The Statis Group, an advisory for ICOs or Initial Coin Offerings, has recently published a report that claims that almost a whopping 80% of ICOs that we saw in 2017, were actually fake. The firm has reached this conclusion by studying the life cycles of the ICOs introduced in 2017.
However, a silver lining to this upsetting statistic is that although 80% of the total ICOs turned out to be scams, around 70% of the funding found healthy channels as the money went on to back higher quality projects. Around 4% of the ICOs turned into failures and 3% died out, which means that they were not listed by exchanges for trading for three consecutive months.
2017 had seen a total investment of $11.9 billion in coins and tokens and just about 11% of that went on to back ICOs that were actually scams, with large scam-projects like Arisebank, Pincoin and Savedroid receiving the bulk of this 11%. Smaller scam projects received almost negligible funding vis-à-vis the market as a whole. In the beginning of July, we had also come across a report from TechCrunch which revealed that over a thousand crypto firms and projects had perished by the end of June, 2018.

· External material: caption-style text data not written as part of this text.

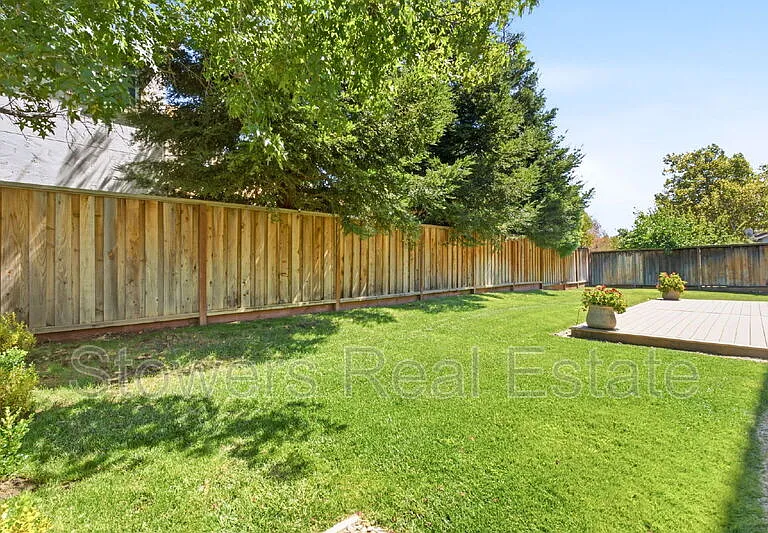 145 Bryant Ct — Photo 72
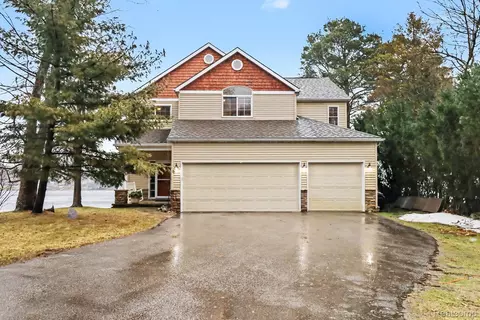 4372 Lamson Dr, Waterford, MI 48329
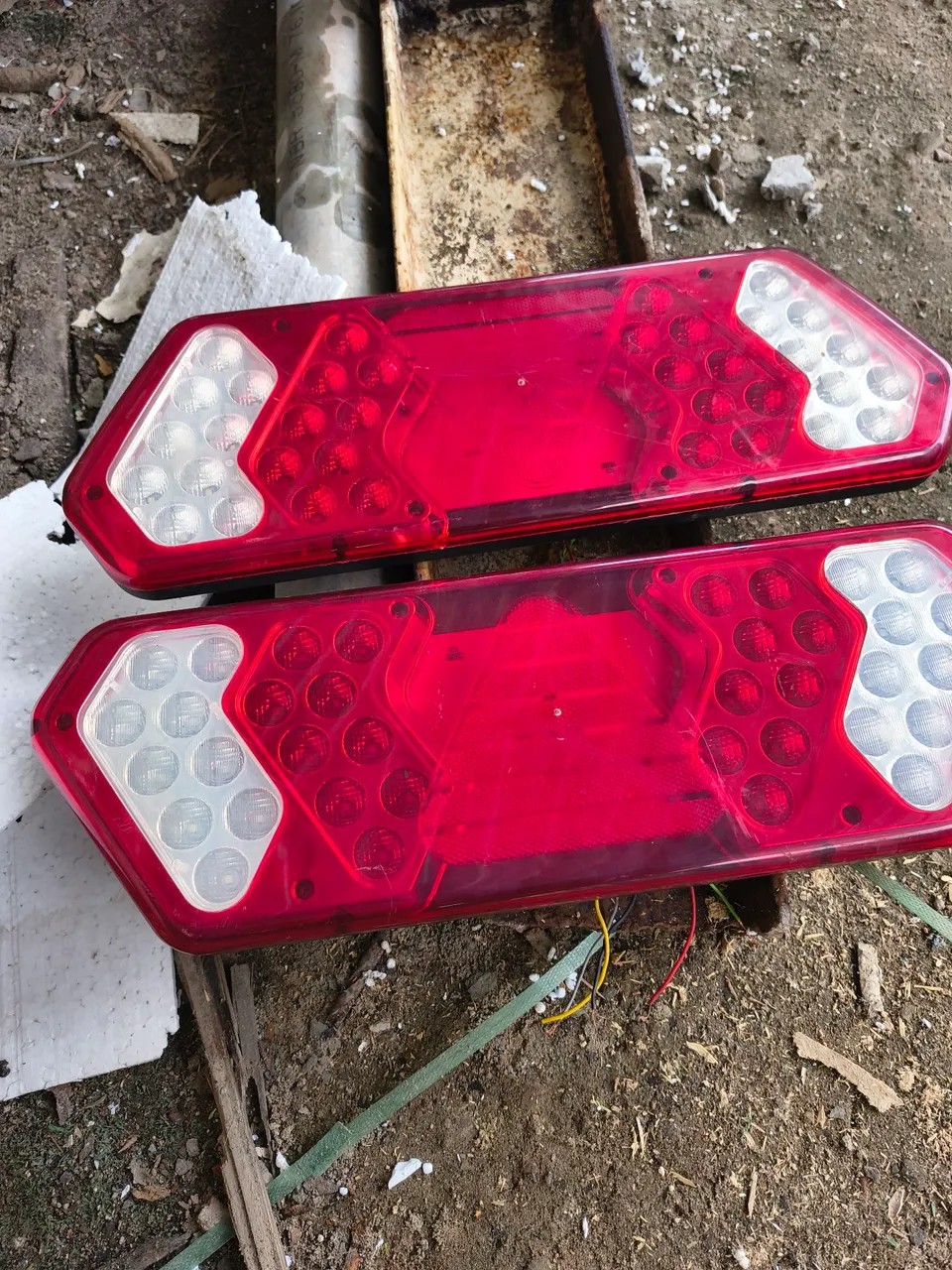 Lanternas Traseiras LED 24v para Caminhão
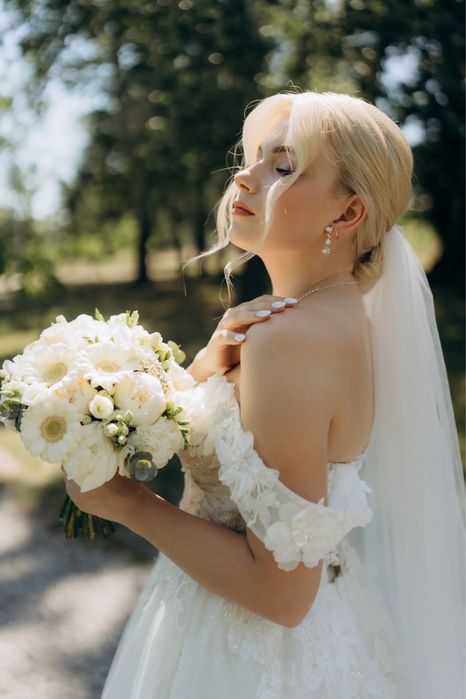 Продам весільну сукню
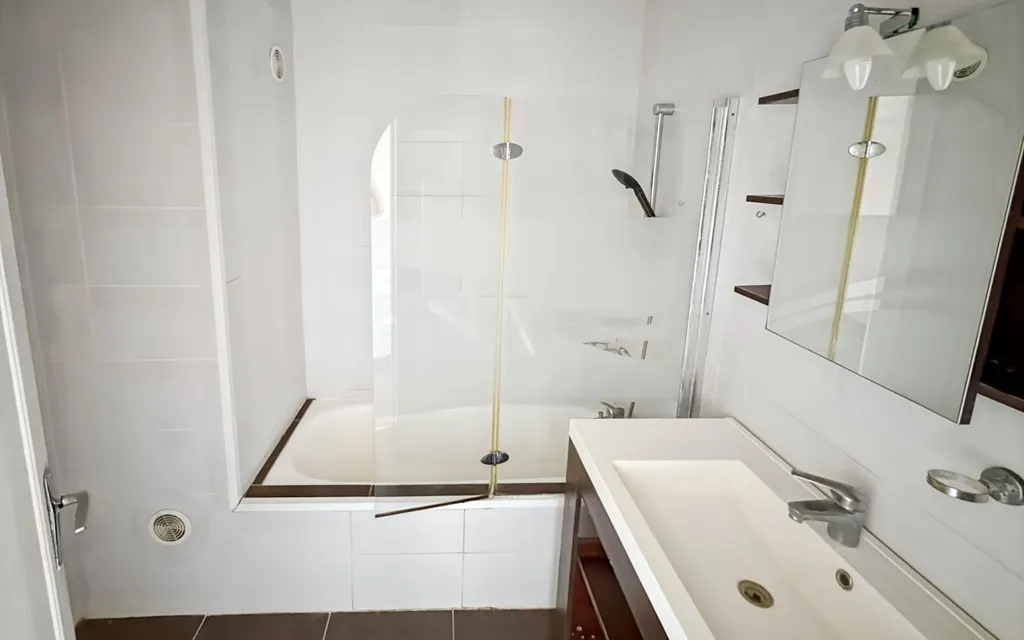 Vannitoad - Renovable T4 with Three Terraces in Mandelieu-la-Napoule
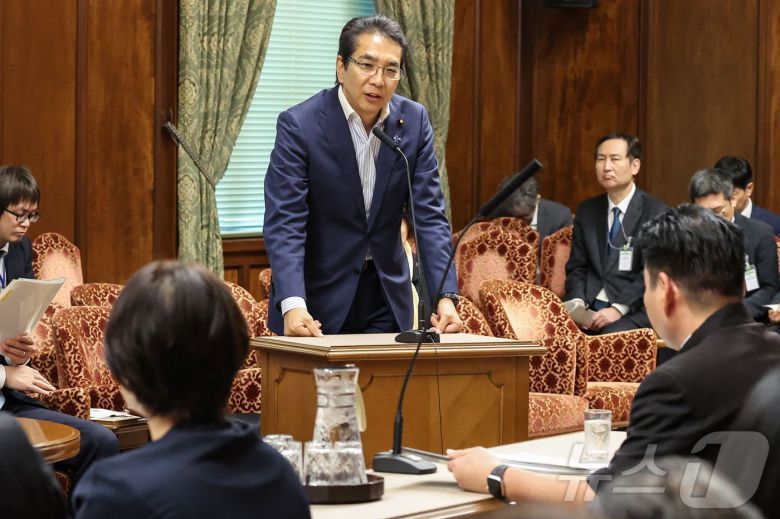 에토 다쿠 전 일본 농림수산상이 19일 참의원 예산위원회에 출석해 지지자들이 갖다 주기에 쌀을 사본 적이 없다는 자신의 진술 관련해 답변하는 모습. 2025.05.19. ⓒ AFP=뉴스1 ⓒ News1 권영미 기자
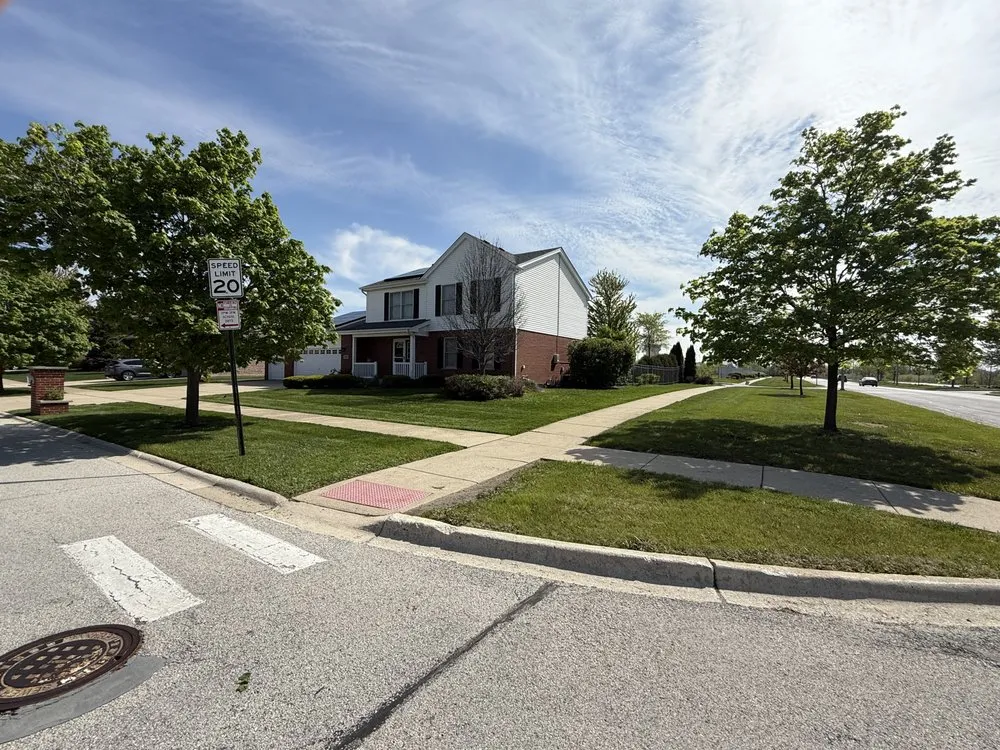 Trusted lawn care service in Chicago, IL - Victor Cuts Landscape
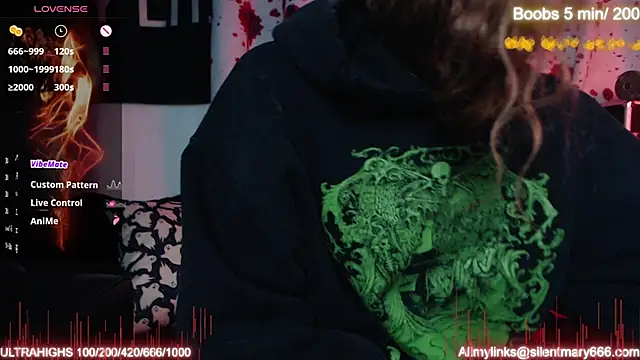 Snapshot of Silentmary chatting on 10-24-25, 11:17 Silentmary online show from 10-24-25, 11:17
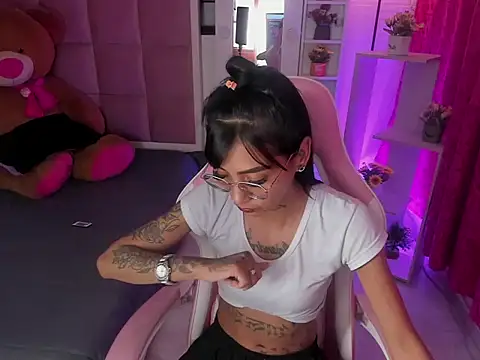 KarlaSlutSkinny__ live XXX chat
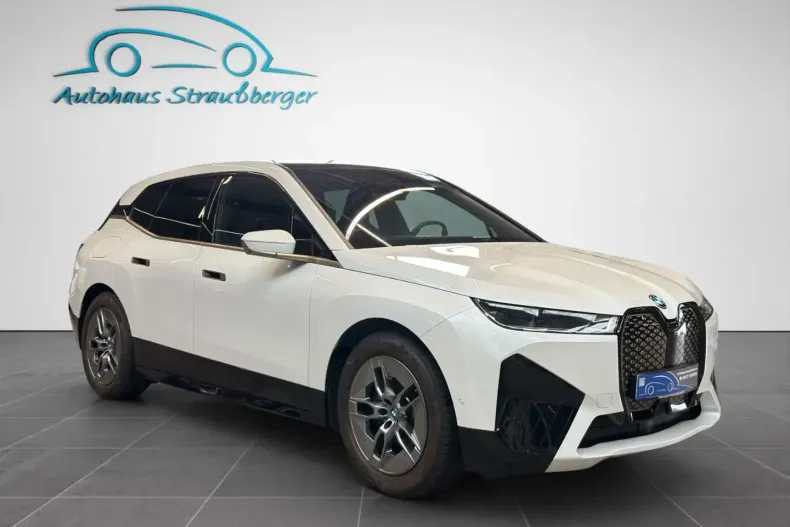 BMW iX din 2023 cu 46.400 km - oferta BMW106214 - foto 3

These weren’t the only instances of bad times that seem to have gripped the digital currency scene. Cyber security firm Carbon Black has also pointed out the theft of a total value of approximately $1.1 billion in the first half of 2018 itself, with the dark web making it easier for cybercriminals to act. However, the picture is not entirely grim. PwC and the Swiss Crypto Valley Association have jointly announced that ICOs have seen burgeoning volumes between January and May 2018 and the values have already surpassed the total amount of 2017.